AVAILABLE IN BOOK STORES EVERYWHERE!

 

Charlie Gracie

What More Could You Ask?

By Ronald Sklar

Usually, it's the other way around for Paul McCartney, but in this instance, it was Sir Paul who had always wanted to meet a certain musician who had influenced him in his early years. 

The year: 2000. Philadelphia native Charlie Gracie, the influence in question, was scheduled to play a small gig in London when the call came from McCartney's people. 

"I thought he was pulling my chain," Gracie says when his agent announced that McCartney desired to meet him that very night. Although Gracie had his own show to do within an hour, with 1500 rabid fans eagerly awaiting his appearance nearby, he figured he'd be a sweetheart and grant Paul's wish. 

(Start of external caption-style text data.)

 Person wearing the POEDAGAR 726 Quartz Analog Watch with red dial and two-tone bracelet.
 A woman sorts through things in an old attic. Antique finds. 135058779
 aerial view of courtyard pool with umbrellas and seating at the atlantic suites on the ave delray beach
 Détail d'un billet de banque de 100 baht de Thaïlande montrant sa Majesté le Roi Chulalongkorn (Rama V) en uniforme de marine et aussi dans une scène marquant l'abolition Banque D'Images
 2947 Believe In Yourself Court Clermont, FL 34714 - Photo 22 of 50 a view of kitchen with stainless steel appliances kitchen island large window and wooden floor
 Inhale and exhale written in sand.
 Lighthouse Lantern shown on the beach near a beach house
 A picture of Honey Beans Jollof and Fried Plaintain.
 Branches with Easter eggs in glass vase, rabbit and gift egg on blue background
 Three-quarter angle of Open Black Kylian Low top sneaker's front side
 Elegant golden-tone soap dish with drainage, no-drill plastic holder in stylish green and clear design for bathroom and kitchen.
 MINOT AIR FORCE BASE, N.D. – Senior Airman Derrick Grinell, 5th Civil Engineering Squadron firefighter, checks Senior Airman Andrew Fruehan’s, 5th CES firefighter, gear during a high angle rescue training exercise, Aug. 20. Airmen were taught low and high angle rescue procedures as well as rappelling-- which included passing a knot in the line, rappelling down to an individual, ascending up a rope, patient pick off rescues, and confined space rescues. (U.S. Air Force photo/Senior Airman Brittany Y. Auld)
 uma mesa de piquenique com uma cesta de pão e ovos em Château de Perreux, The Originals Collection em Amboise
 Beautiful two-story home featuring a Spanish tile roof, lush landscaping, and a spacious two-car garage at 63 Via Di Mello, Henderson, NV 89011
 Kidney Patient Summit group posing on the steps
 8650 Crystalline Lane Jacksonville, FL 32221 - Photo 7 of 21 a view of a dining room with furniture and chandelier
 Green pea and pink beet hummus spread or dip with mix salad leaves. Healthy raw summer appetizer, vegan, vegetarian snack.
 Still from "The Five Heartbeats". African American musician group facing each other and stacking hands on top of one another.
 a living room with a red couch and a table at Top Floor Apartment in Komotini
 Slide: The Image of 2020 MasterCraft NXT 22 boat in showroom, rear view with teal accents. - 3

Gracie was whisked away to a CD release party and press conference for McCartney's newest recording, which included a cover version of Gracie's own signature hit from 1957, called "Fabulous." The tune was a decent success in America, but in Europe (and especially Britain), it was monster. 

That, along with a few of Gracie's other fifties' records, including chart-toppers "Butterfly" and "99 Ways," were huge in America; however, they also influenced an entire generation of British rockers men who would ironically become household names in America, unlike Gracie himself. His other hits that were top of the pops in Britain include "Wandering Eyes," "I Love You So Much It Hurts," and "Cool Baby," all songs that pricked the ear of a very young McCartney.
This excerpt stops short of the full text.